==== Data provided ====
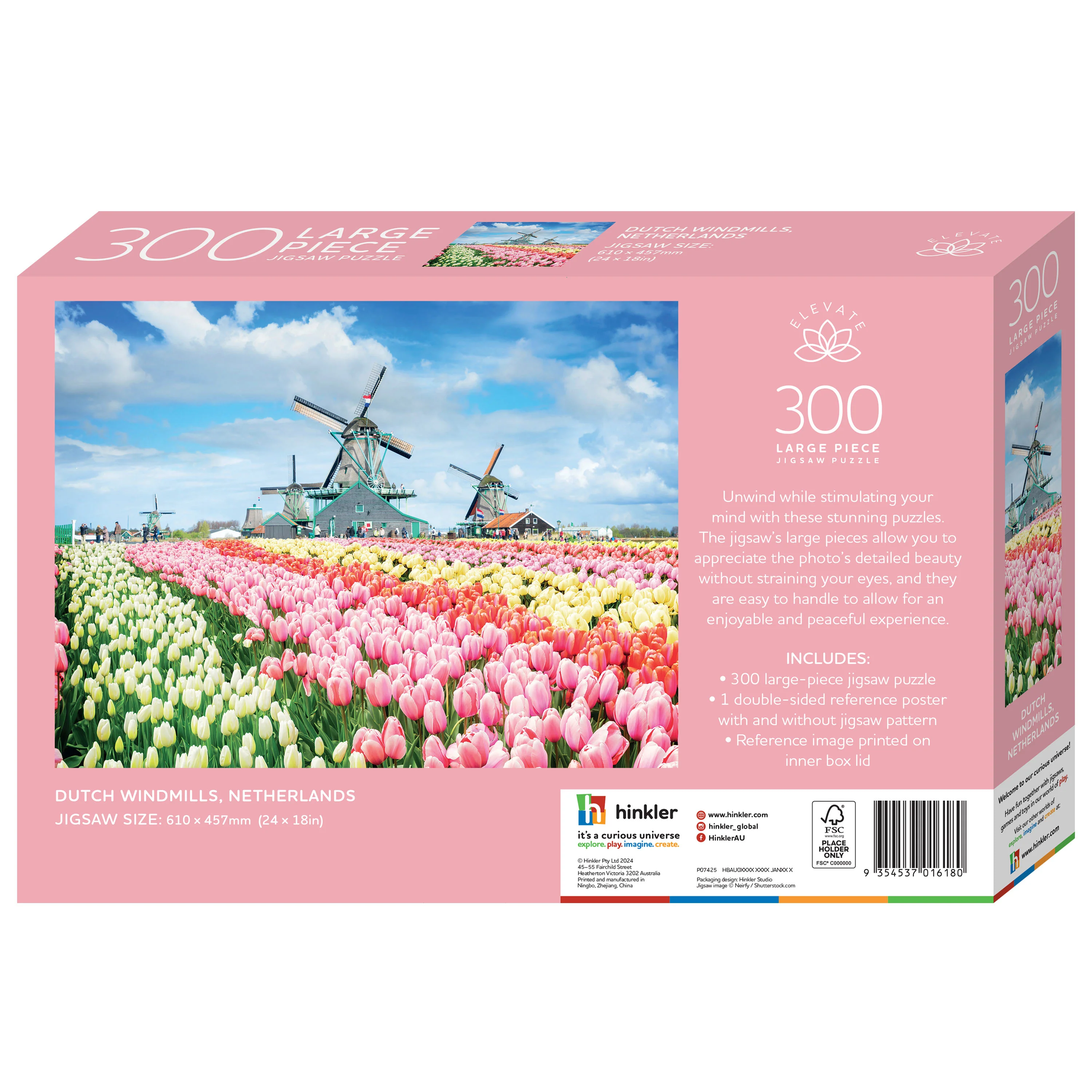 HINKLER ELEVATE 300 LARGE PIECE JIGSAW PUZZLE DUTCH WINDMILLS NETHERLANDS - Image 4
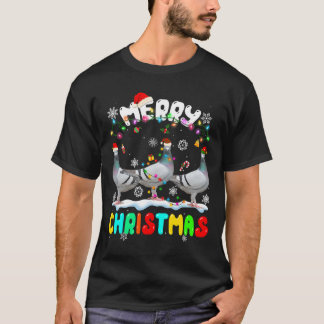 T-shirt Joyeux Noël Pigeon Lover Santa Hat Noël Lumières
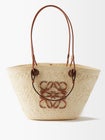 Beige Anagram-logo leather-trim woven basket bag | Loewe | MATCHESFASHION US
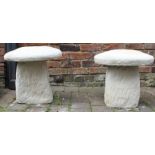 Pair of concrete staddle stones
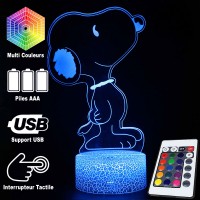 Lampe 3D Snoopy caractéristiques et télécommande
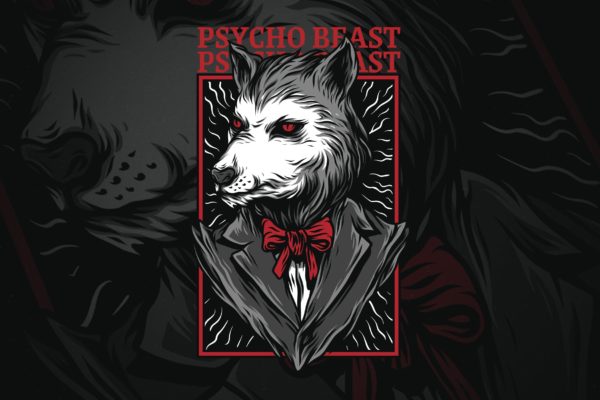 精神病野兽潮牌T恤印花图案大洋岛精选设计素材 Psycho Beast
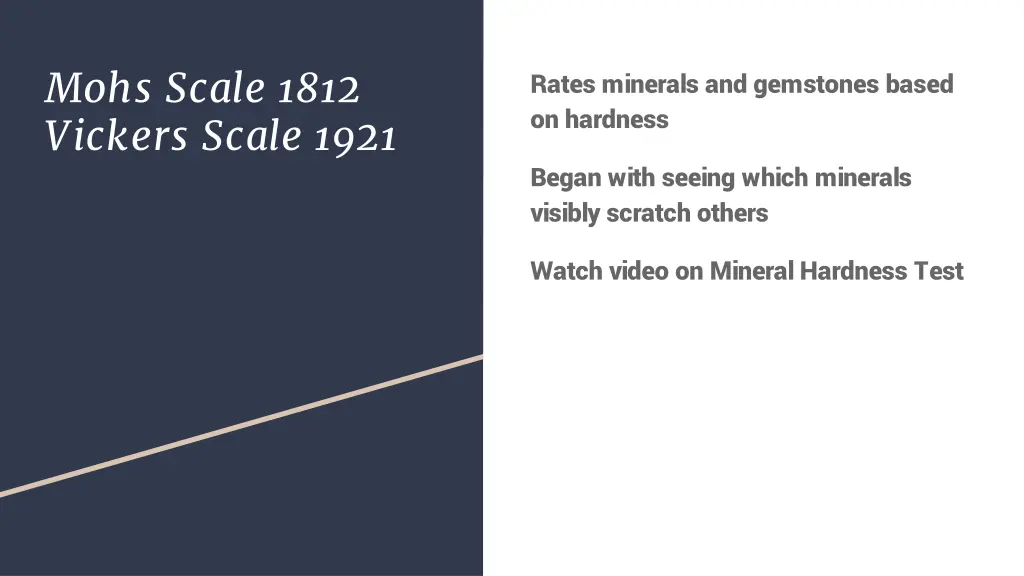 mohs scale 1812 vickers scale 1921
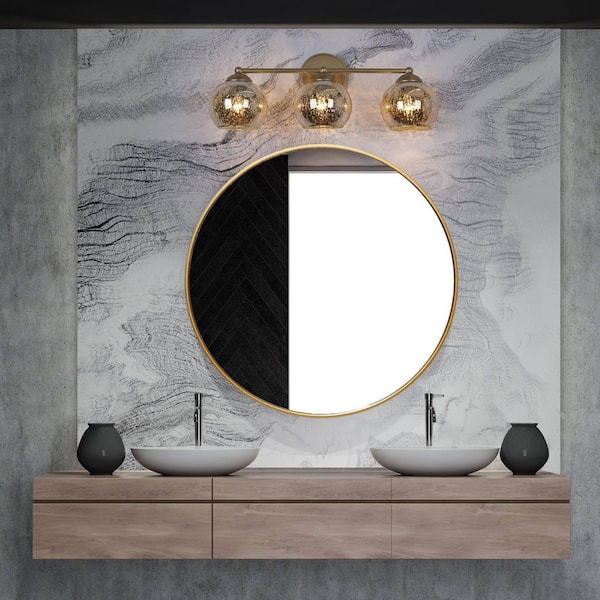 Zevni 21 in. 3-Light Modern Gold Bathroom Vanity Light, Globe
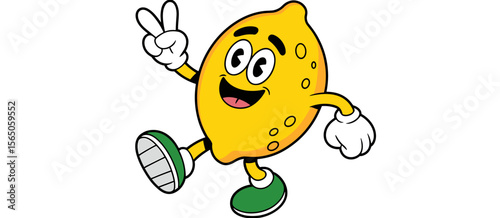 Cheerful lemon mascot cartoon character giving peace sign, food, fruit, yellow, happy, smile, face, fun, vector, illustration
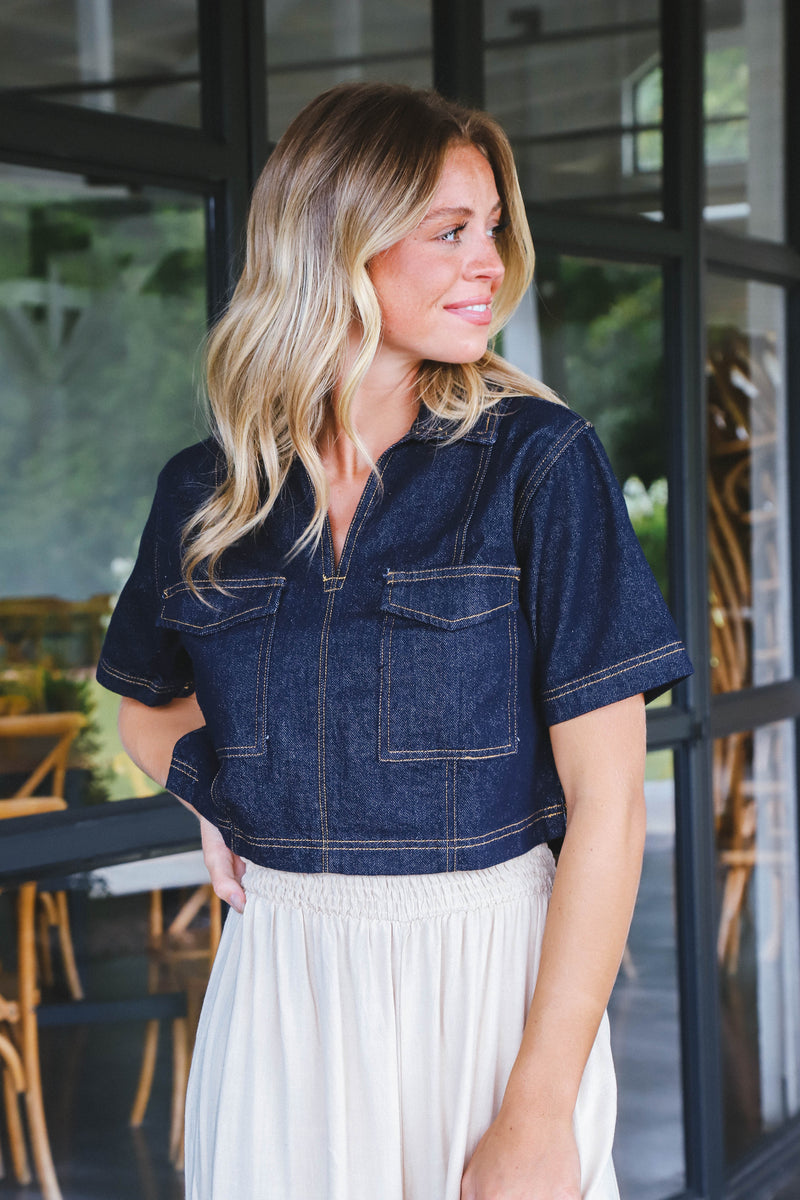 Shayla Collared Crop Top, Dark Denim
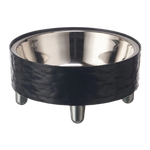 Black-rimmed stainless steel bowl on a white background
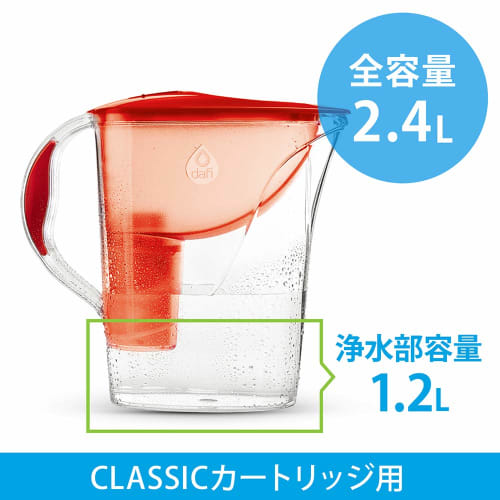 Duffy Atria Classic Water Filter, 1.2L Capacity (2.4L Total Capacity), Calendar Display, Includes 1 Cartridge [Japanese Model, Authentic Product] (Red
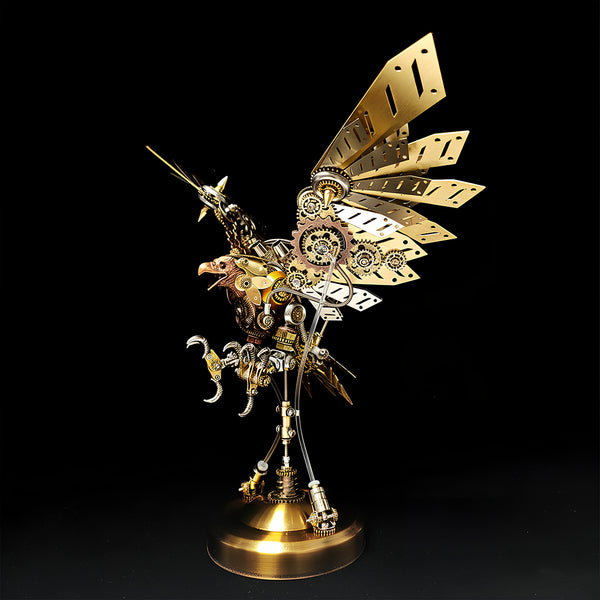  Tablefunny's majestic mechanical eagle metal model in golden hues, a striking 3D puzzle metal kit for steampunk and mechanical enthusiasts.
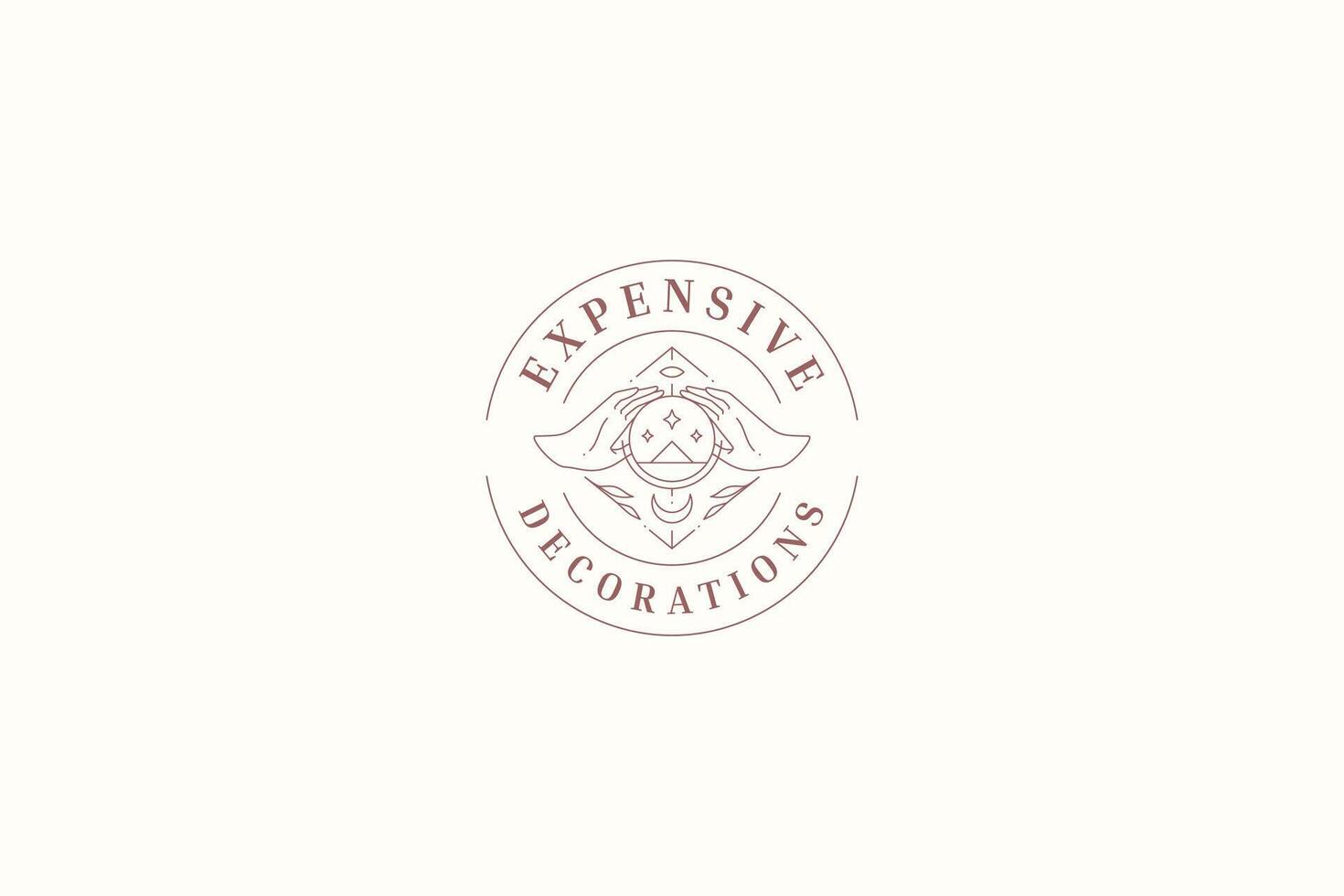 Magic mythology botany hands circle line art logo design template for beauty salon vector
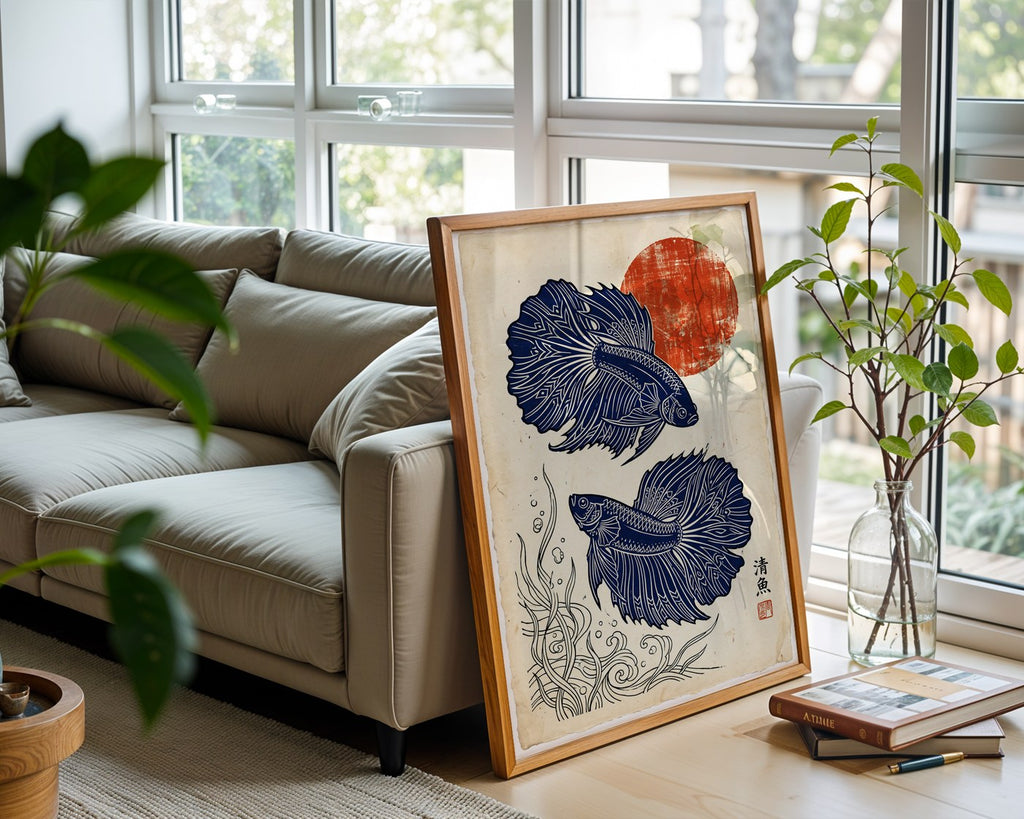Betta Fish Poster – Japanese Linocut Wall Art Print — frame-426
====
All the data above is to be transcribed exactly, with no pictures included.

 HINKLER ELEVATE 300 LARGE PIECE JIGSAW PUZZLE DUTCH WINDMILLS NETHERLANDS - Image 4
 T-shirt Joyeux Noël Pigeon Lover Santa Hat Noël Lumières
 Beige Anagram-logo leather-trim woven basket bag | Loewe | MATCHESFASHION US
 Pair of concrete staddle stones
 Lampe 3D Snoopy caractéristiques et télécommande
 精神病野兽潮牌T恤印花图案大洋岛精选设计素材 Psycho Beast
 mohs scale 1812 vickers scale 1921
 Zevni 21 in. 3-Light Modern Gold Bathroom Vanity Light, Globe
 Cheerful lemon mascot cartoon character giving peace sign, food, fruit, yellow, happy, smile, face, fun, vector, illustration
 Shayla Collared Crop Top, Dark Denim
 Black-rimmed stainless steel bowl on a white background
 Duffy Atria Classic Water Filter, 1.2L Capacity (2.4L Total Capacity), Calendar Display, Includes 1 Cartridge [Japanese Model, Authentic Product] (Red
  Tablefunny's majestic mechanical eagle metal model in golden hues, a striking 3D puzzle metal kit for steampunk and mechanical enthusiasts.
 Magic mythology botany hands circle line art logo design template for beauty salon vector
Betta Fish Poster – Japanese Linocut Wall Art Print — frame-426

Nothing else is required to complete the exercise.